Complete step-by-step answer:
In the given problem, we are given a trigonometric equation $ \cos \theta + \sin \theta = \sqrt 2 \cos \theta $ and we have to prove another result using the given equation.
So, we have, $ \cos \theta + \sin \theta = \sqrt 2 \cos \theta $
Squaring both sides of the equation, we get,
 $ \Rightarrow {\left( {\cos \theta + \sin \theta } \right)^2} = {\left( {\sqrt 2 \cos \theta } \right)^2} $
Now, evaluating the square of the binomial term using the algebraic identity $ {\left( {a + b} \right)^2} = {a^2} + 2ab + {b^2} $ , we get,
 $ \Rightarrow {\cos ^2}\theta + {\sin ^2}\theta + 2\cos \theta \sin \theta = 2{\cos ^2}\theta $
Shifting all the terms to right side of the equation, we get,
 $ \Rightarrow 2{\cos ^2}\theta - \left( {{{\cos }^2}\theta + {{\sin }^2}\theta + 2\cos \theta \sin \theta } \right) = 0 $
Opening the brackets, we get,
\[ \Rightarrow 2{\cos ^2}\theta - {\cos ^2}\theta - {\sin ^2}\theta - 2\cos \theta \sin \theta = 0\]
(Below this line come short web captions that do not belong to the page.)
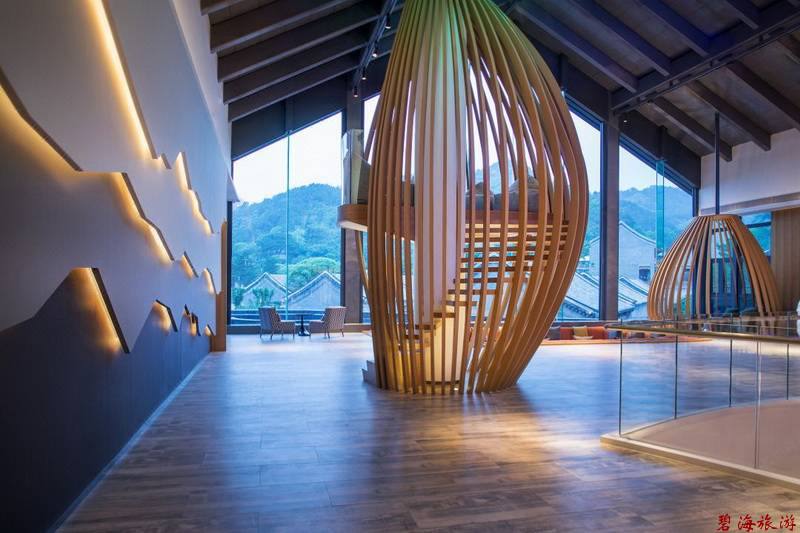 承德金山嶺長(zhǎng)城大酒店咨詢預(yù)定電話18633570222 15703350808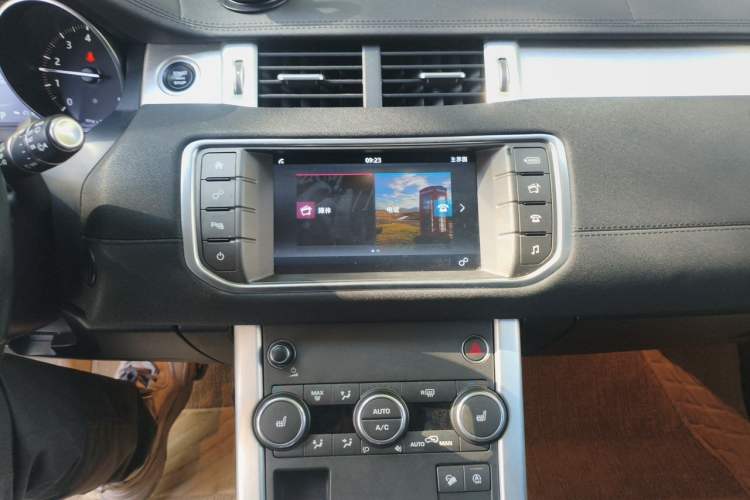 Used Land Rover Range Evoque 2018 200PS PURE New Fashion Edition Audio And AC Panel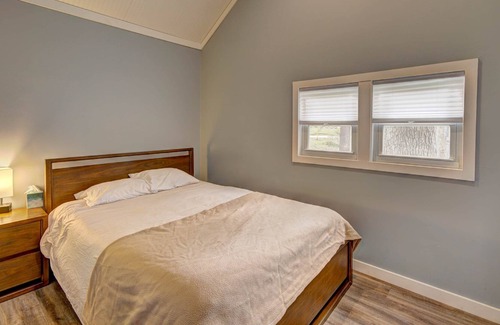 Tafton Cabin | Carins 12 - Lakeside Cabins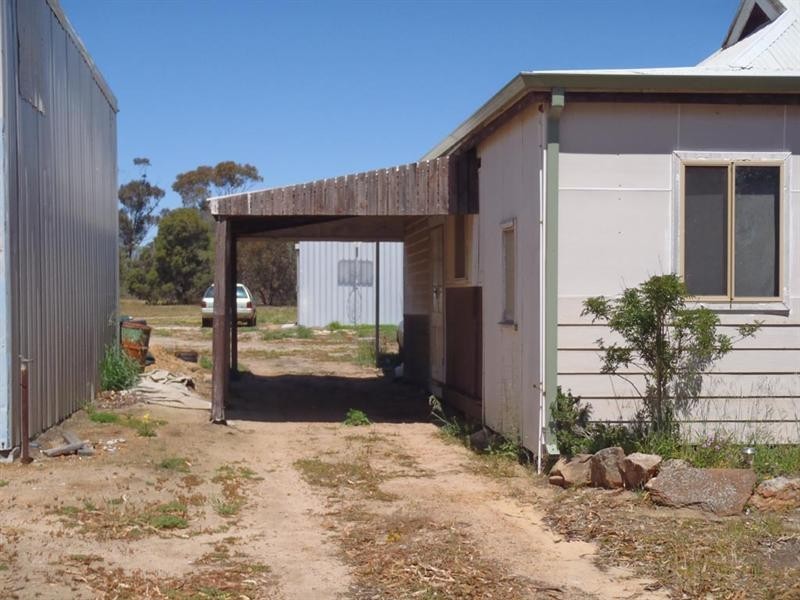 26 Railway Avenue, Harrismith WA 6361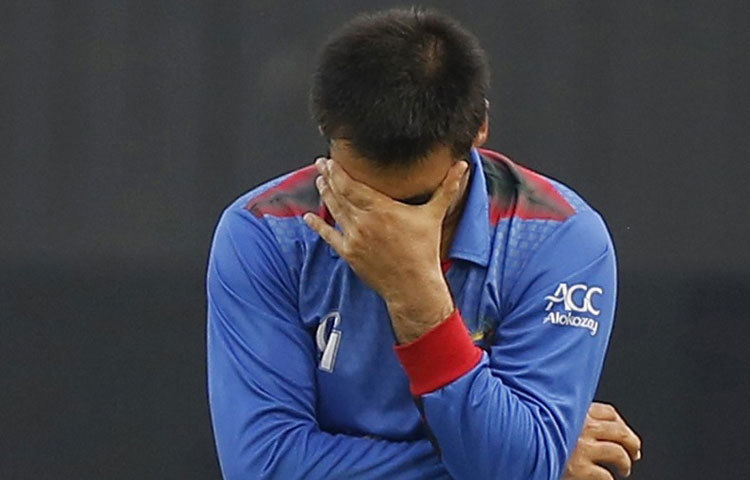 তামিমের কাছে পরপর তিন ছক্কা খেয়ে ভেঙে পড়লেন আফগান অধিনায়ক।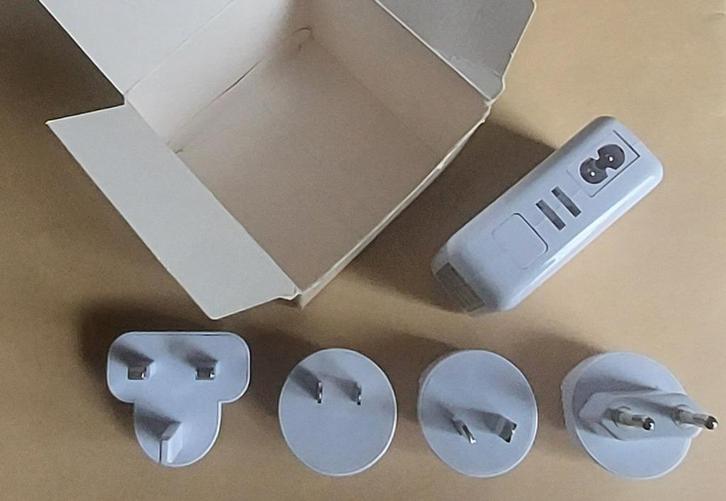 (Wereld)reisstekker/oplader met 4x USB van het merk TU, Tickets en Kaartjes, Hotelbonnen, Drie personen of meer, 3 overnachtingen of meer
Adding up all the like terms, we get,
\[ \Rightarrow {\cos ^2}\theta - {\sin ^2}\theta - 2\cos \theta \sin \theta = 0\]
Adding $ 2{\sin ^2}\theta $ on both sides of the equation, we get,
\[ \Rightarrow {\cos ^2}\theta - {\sin ^2}\theta - 2\cos \theta \sin \theta + 2{\sin ^2}\theta = 2{\sin ^2}\theta \]
Simplifying the equation further, we get,
\[ \Rightarrow {\cos ^2}\theta - 2\cos \theta \sin \theta + {\sin ^2}\theta = 2{\sin ^2}\theta \]
Now, using the algebraic identity $ {\left( {a - b} \right)^2} = {a^2} - 2ab + {b^2} $ , we can condense the left side of the above equation into a perfect square. So, we get,
\[ \Rightarrow {\left( {\cos \theta - \sin \theta } \right)^2} = 2{\sin ^2}\theta \]
Taking square root both sides of the equation, we get,
 \[ \Rightarrow \cos \theta - \sin \theta = \sqrt 2 \sin \theta \]
So, LHS $ = $ RHS.
Hence, $ \cos \theta - \sin \theta = \sqrt 2 \sin \theta $ if we are given $ \cos \theta + \sin \theta = \sqrt 2 \cos \theta $

Note: Given problem deals with Trigonometric functions. Besides these simple trigonometric formulae, trigonometric identities are also of significant use in such types of questions where we have to simplify trigonometric expressions with help of basic knowledge of algebraic rules and operations.